Roar and Whisper: Whitman and Dickinson as Poets of the Self
In viewing how poets have asserted their own identities in their work, it is difficult to find two more contrary such poets than Walt Whitman and Emily Dickinson. Both famously American, and both sharing distinct inclinations to address the forces of nature and God, Whitman and Dickinson nonetheless seem to take very different courses in how they perceive and present themselves through their work. Whitman virtually bellows the fact of his existence; Dickinson is invariably demur and unassuming, even as she probes her own being and soul. Despite the contrast in intensity and style, however, both Whitman and Dickinson pursue the same goal, that of better understanding how this thing we call “self” belongs to us and to the world.
Two Voices, One Song
It is tempting to conclude that Emily Dickinson took a more quiet, subtle path in her exploration of self in her poetry because she was a woman of the nineteenth century, and one who led an exceptionally cloistered life. Conversely, Walt Whitman's seemingly gregarious, extroverted presence as reflected in his work must be at least partially due to an equally robust personality. Moreover, reading the poems of each only serves to reinforce this suspicion that ways of living themselves dictated how the poets interpreted his and her self. Ultimately, however, both poets are merely employing different tools to achieve similar ends.
Whitman, in a word, roars. While his overt extending of his own persona is evident in much of his poetry, it is best reflected in his aptly named, “Song of Myself”. The title itself is nearly ridiculous in its affirmation of being, and may be mistaken for a narcissistic expression. The reality, however, is that Whitman exalts his existence only as a vessel of sorts. He gives himself a kind of omnipotence, certainly, but it is never entirely his to command, nor may he ever take credit for the magnificence of his being: “In me the caresser of life wherever moving...not a person or object missing,/ Absorbing all to myself and for this song” (Whitman 13, 13-16). As poet and man on a journey, Whitman never loses sight of the fact that whatever glory there is in his self is not of his own making, even as he revels in it: “I hear and behold God in every object, yet understand God not in the least,/ Nor do I understand who there can be more wonderful than myself” (Whitman 48, 18-19). The self he so delights in remains a mystery to Whitman, and something of an obligation as well.

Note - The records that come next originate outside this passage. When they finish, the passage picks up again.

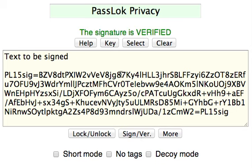There it is. I hope you enjoy the verification and signature-making capabilities of PassLock.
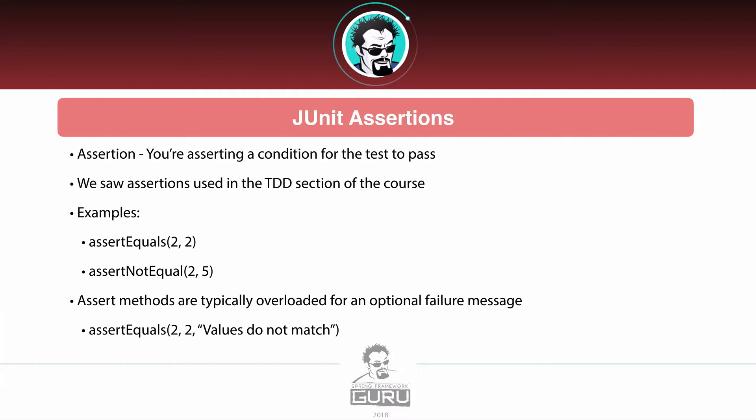Usually the assert methods are going to be overloaded to provide an optional failure message. For example, assertEquals with 2 values and a message saying 'values do not match.' Obviously in that condition we'd never get the message displayed, but assume those are objects and maybe we would get that message.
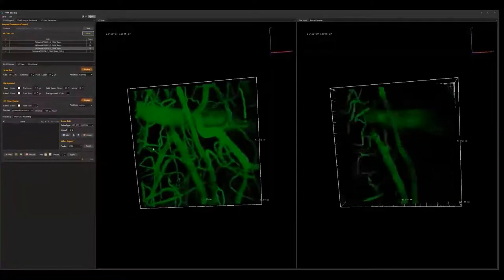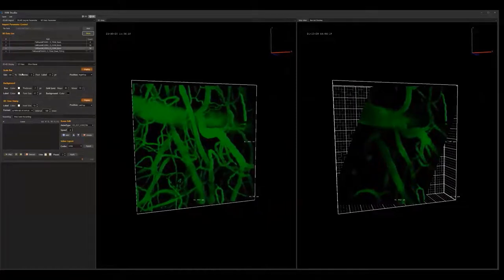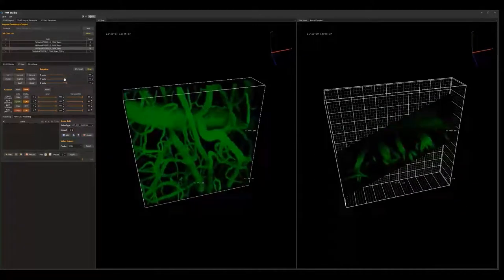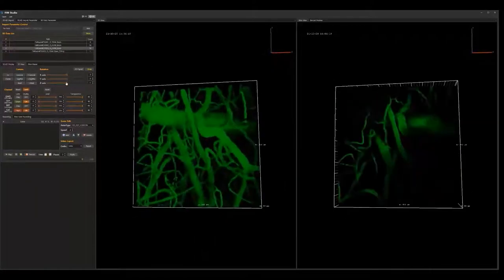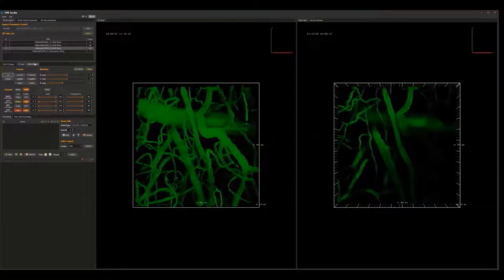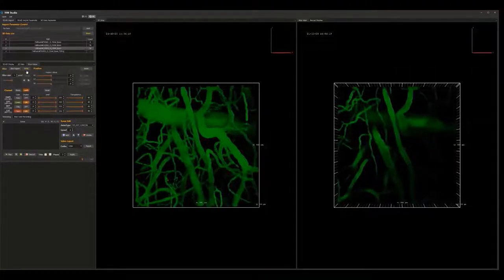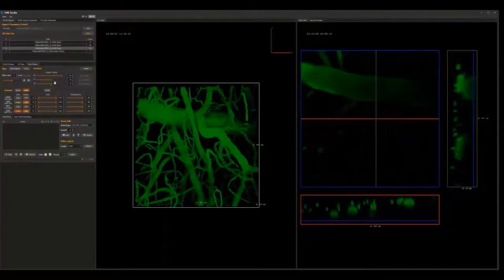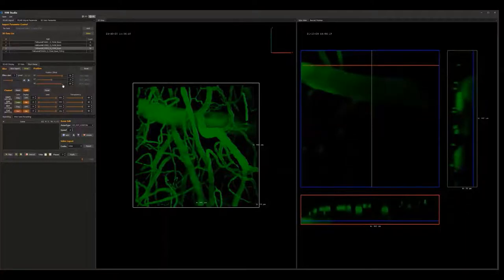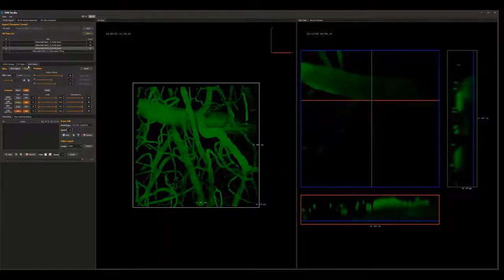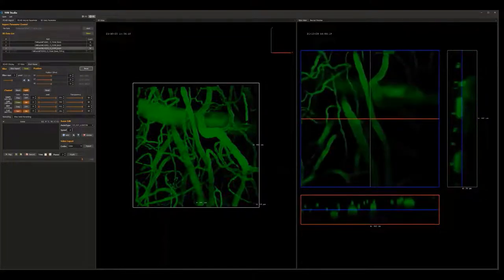We can make a freehand rotation of the 3D data, and in the 3D view tab, rotation in all three axes is also available. In the Slice Viewer, we can get cross-sectional data along every X, Y, and Z axis. We can then go back to the original position by clicking Reset.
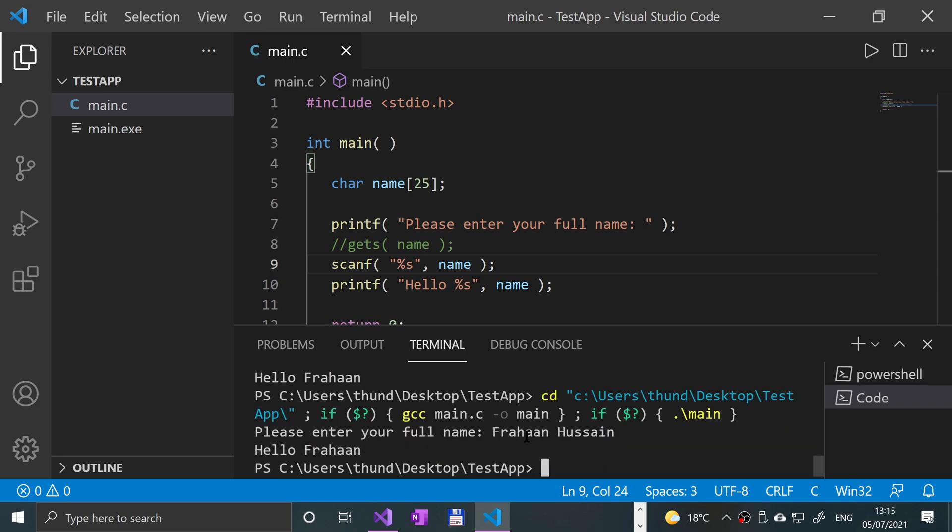Only prints out the first name, because scanf stops reading data as soon as it hits a whitespace—so a space, a newline, or end of file. So it hit whitespace, whereas GETS does not consider whitespace as a terminating condition. It only considers a newline or end of file.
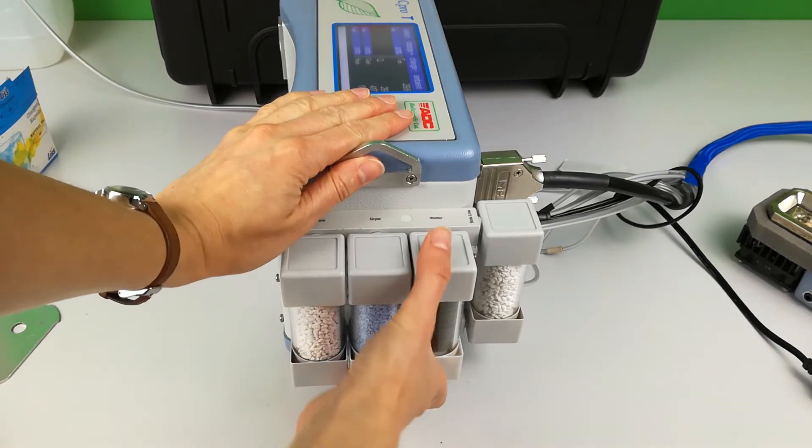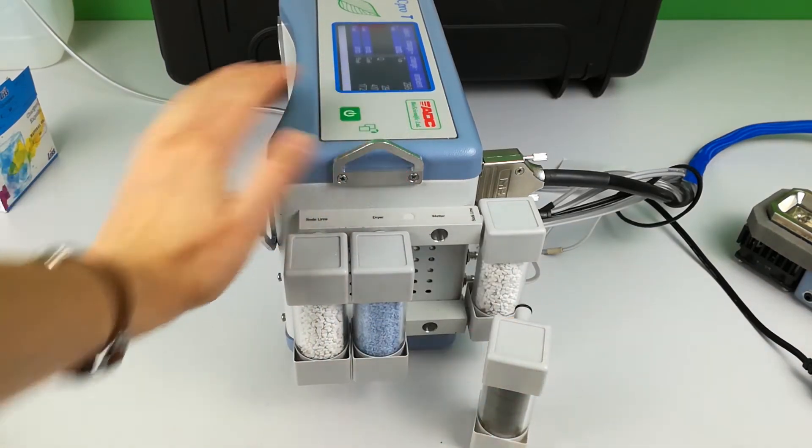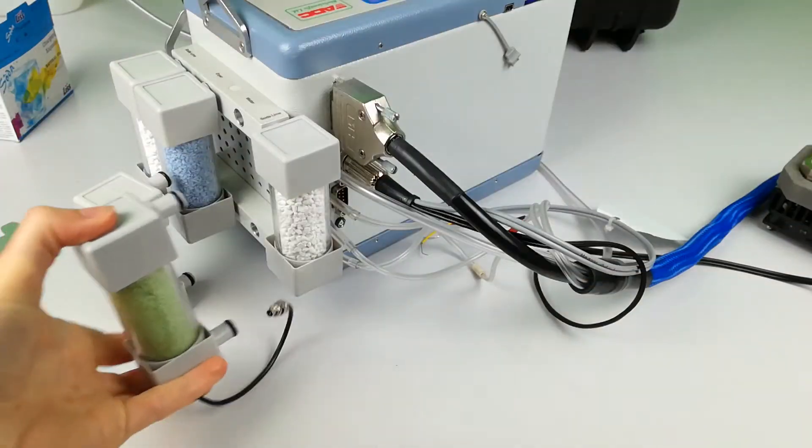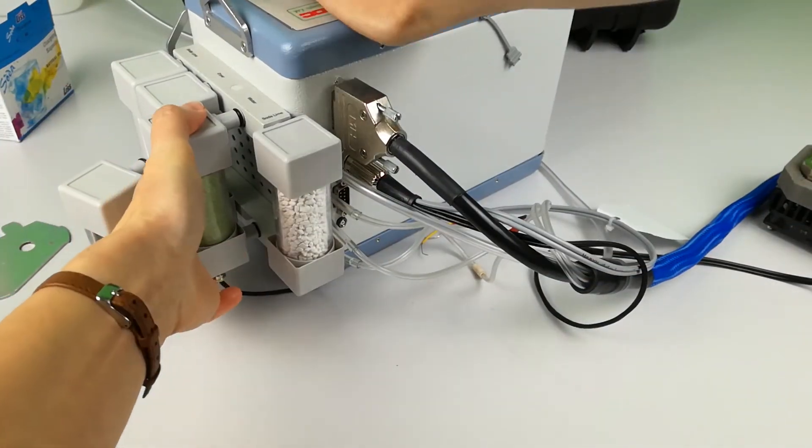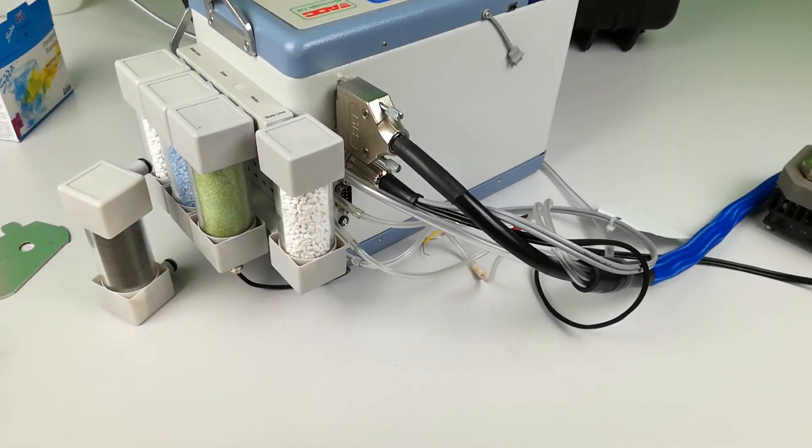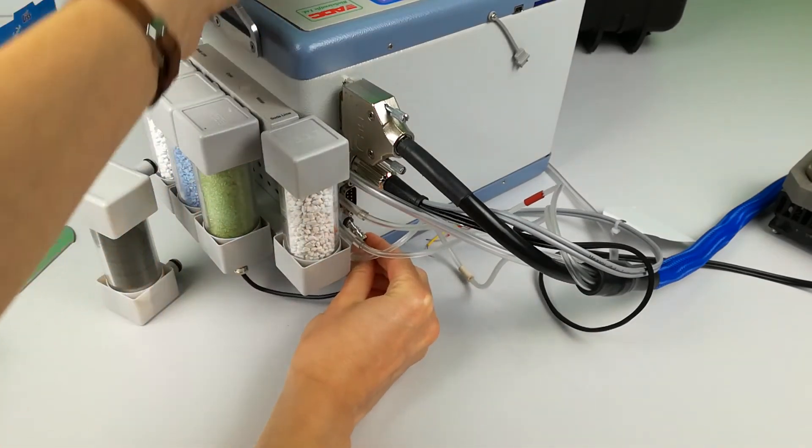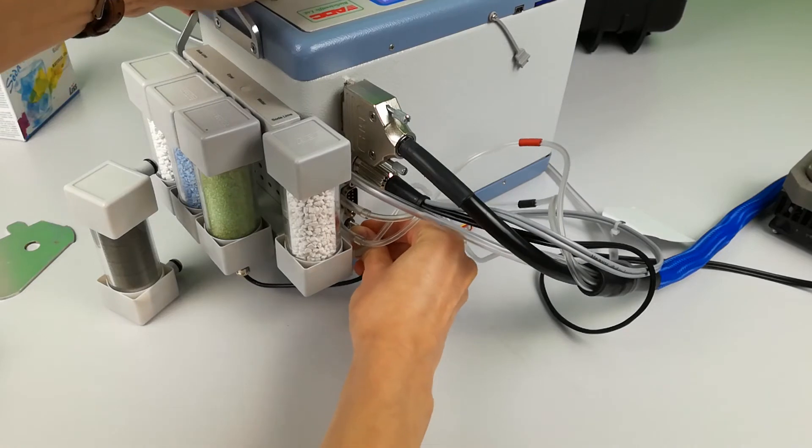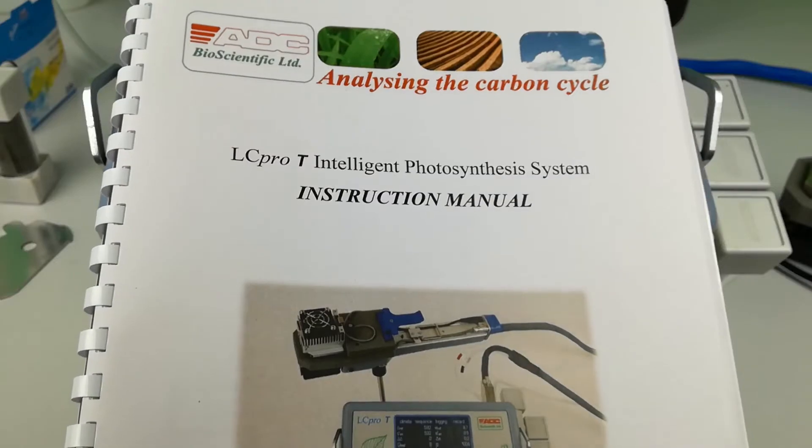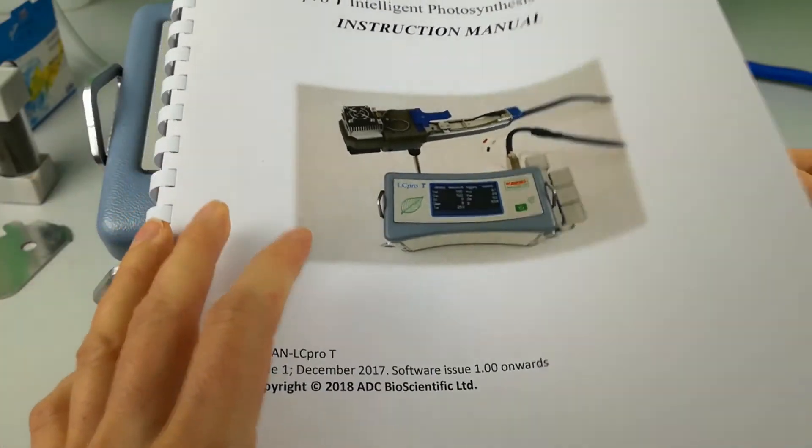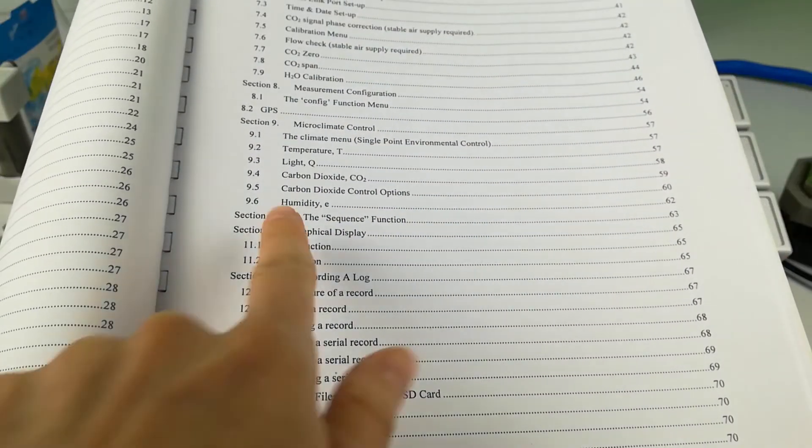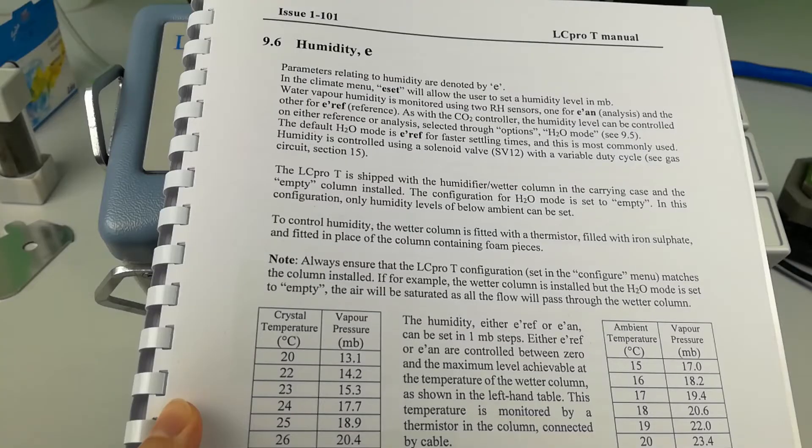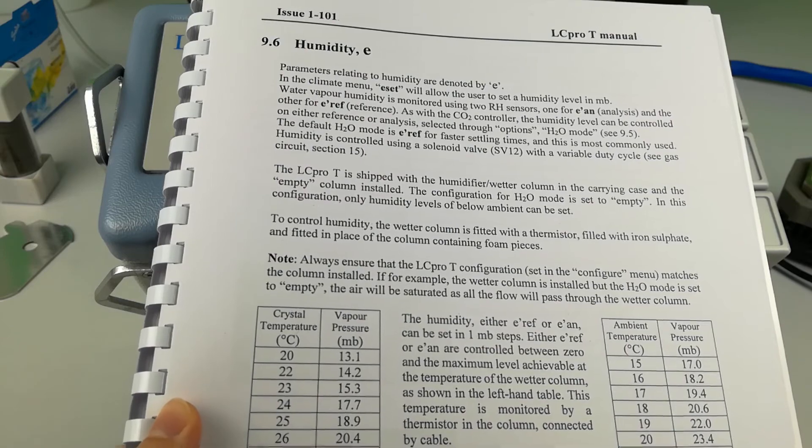Take out the spare column with the foam inside and replace with a filled wetter column of iron sulphate. Attach the thermistor cable to the back of the console and refer to the main manual under the section humidity. In this section 9.6 you will find the reference tables to calculate the achievable values for relative humidity at your operating temperature.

Emily Dickinson is equally confounded by the meaning of self and her own existence, and equally determined to comprehend the impact and potentials of it; she simply stays at home in doing so, and speaks in more modest tones. It is not that Dickinson is less impressed by the fact of her being, but seems to prefer to conduct her soul searching in stillness and isolation, as opposed to Whitman's traveling. For example, “The soul selects her own society,/ Then shuts the door” (Dickinson 229, 1-2), is more than a social inclination. It is a necessary seclusion, if insight to the self is to be gained. It appears, in fact, that this element of privacy is essential for Dickinson's exploration: “I felt my life with both my hands/ To see if it was there” (Dickinson 351, 1-2). There is an intimacy in the lines that demands her withdrawal from the world, even as they also resonate with an implacable acknowledgment of being. Moreover, Dickinson sometimes exhibits a playfulness which contradicts any thinking that her introversion translates to a denial of self: “I'm nobody! Who are you?/ Are you nobody, too?/ Then there's a pair of us – don't tell!” (Dickinson 474, 1-3). This is confidence at work, no matter how demur and quiet the poet's voice.
It is ironic that two such ostensibly diverse poets should ultimately share a common, poetic ground, yet that is the case with Dickinson and Whitman. One is nearly pathologically hushed, and one is boisterous and lusty, but both devote a great deal of their energy and art to seeking out the truth of the self as felt by them. Contrasts in intensity and style notwithstanding, Whitman and Dickinson work toward a single aim: that of better understanding how this thing known as the “self” belongs to us and to the world.